Since the Sept. 11 attacks, several groups have formed to promote cross-cultural understanding, such as Our Voices Together, which organized an event that brought together 30 musicians from different countries. Other groups foster economic development projects in other countries, such as the Safer World Fund, which supports clean water, education and health care programs in Afghanistan and Pakistan.
Eric Gardner, board member of Americans for Informed Democracy and data analysis adviser with the Georgetown Public Policy Institute, said citizen-to-citizen interaction around service projects can foster a sense of shared values, not only within a country but with those abroad.
"It's about showing a different face overseas and how important it is to have this citizen to citizen interaction," he said. "It can create a degree of solidarity [and] a possibility for the global community to have a sense of shared values. The greater the degree of communication and communication at different levels is a key element to that.
"Certainly on an anecdotal level, I think there is less baggage when citizens are working with citizens.
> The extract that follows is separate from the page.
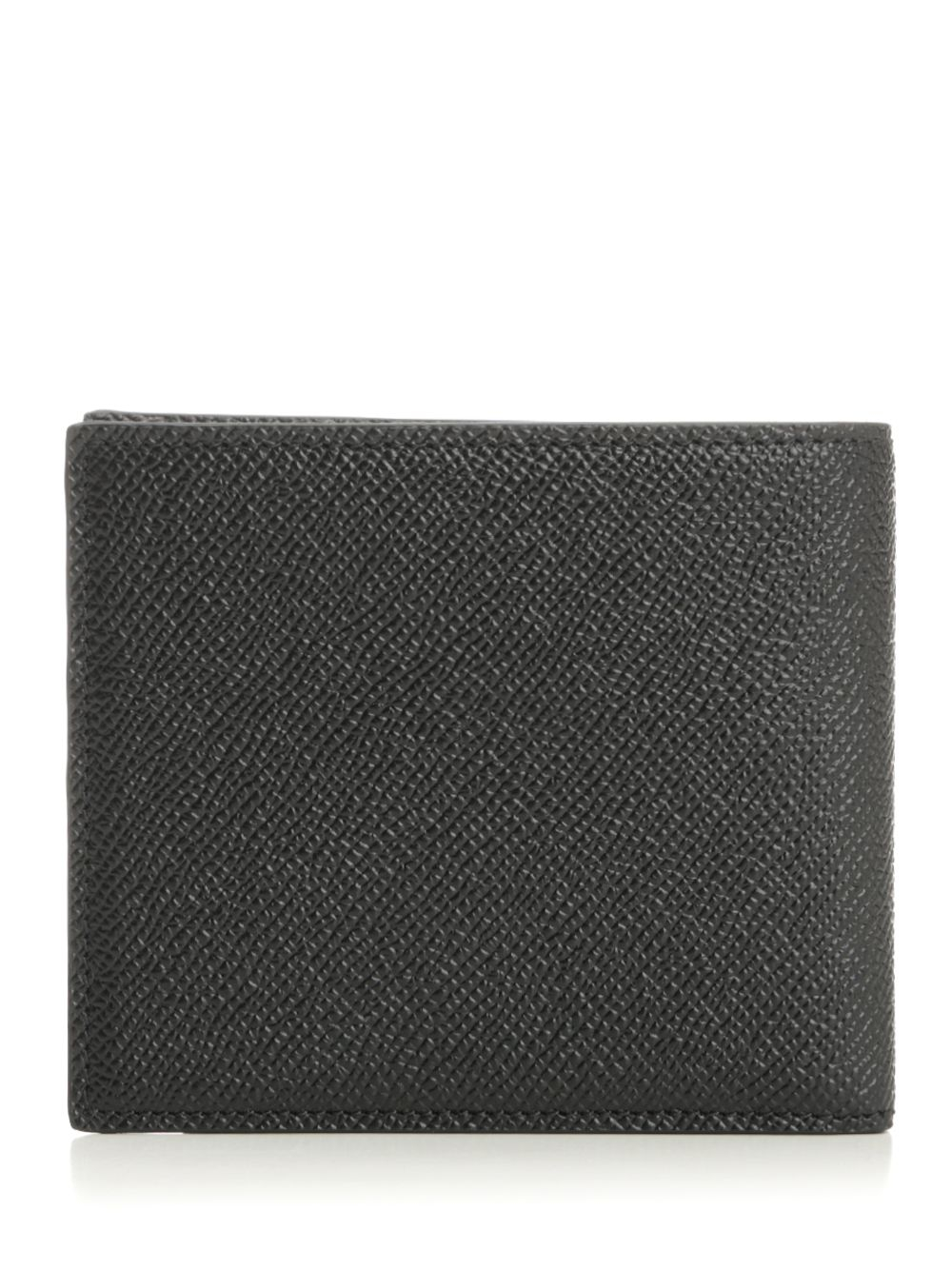 [Dolce & Gabbana] Wallet CO BP1321AG21980999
It's a different type of interaction than governments working governments."
The U.S. service initiative has also gotten some positive play in the Arab media abroad, said Mogahed, for connecting Sept. 11 with service and unity, rather than the divisiveness it provoked for many Muslims in the beginning.
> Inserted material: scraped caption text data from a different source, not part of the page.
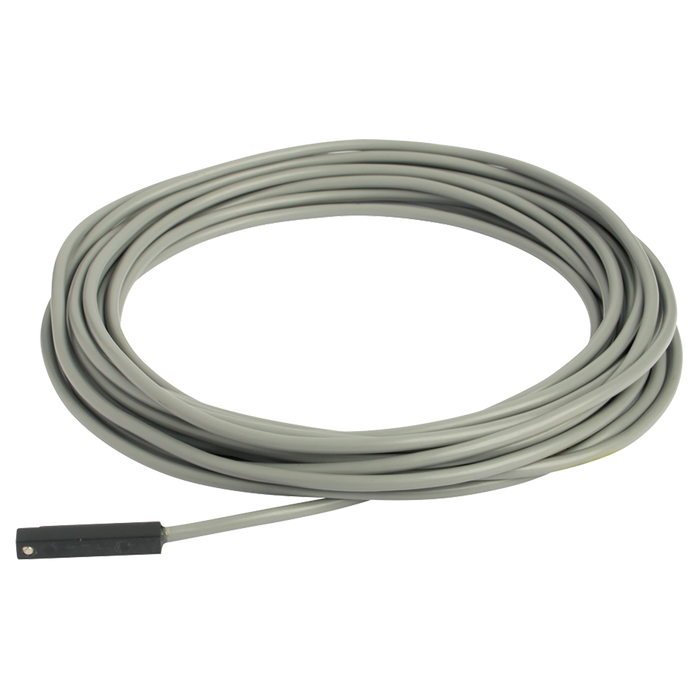 FT Pro - KSS1-G 5M Compact CYL S Reed Switch - pneumaticsystems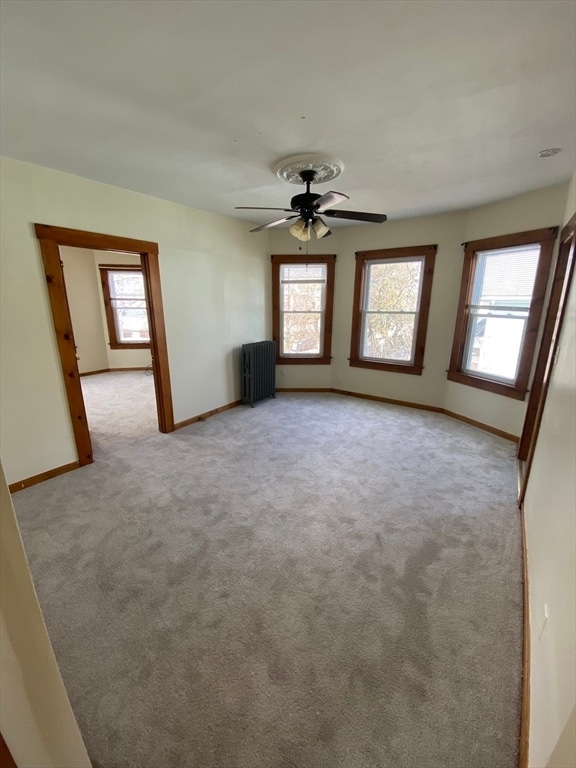 Photo - 10 Lafayette St Unit 2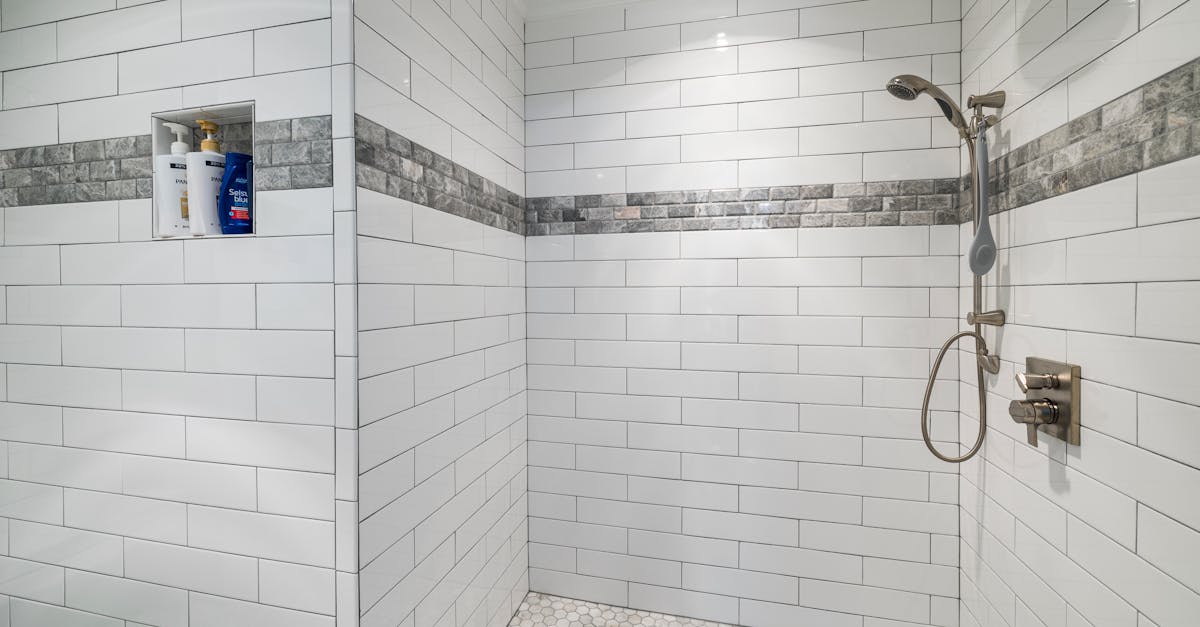 calfeutrage-mur-interieur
But amid the progress, some observers say more still needs to be done to improve religious and cultural awareness.
David Paine, president and founder of MyGoodDeed, one of the organizers of the 9/11 National Day of Service and Remembrance, said movement on the issue of cultural understanding depends on your perspective.
"If you're a 9/11 family member, I think there is a considerable awareness and understanding of the issues that people of other nations are facing today," he said. "On a broader level, in terms of the American public, I'm not sure if there is much of a change of our understanding of other cultures post 9/11."
Mogahed said what would help is increased education about the beliefs and norms of people of different faiths, and people just plain getting to know each other better. "We find in our research that if someone actually knows a member of another faith, they're much less likely to say they have prejudice against that group," she said.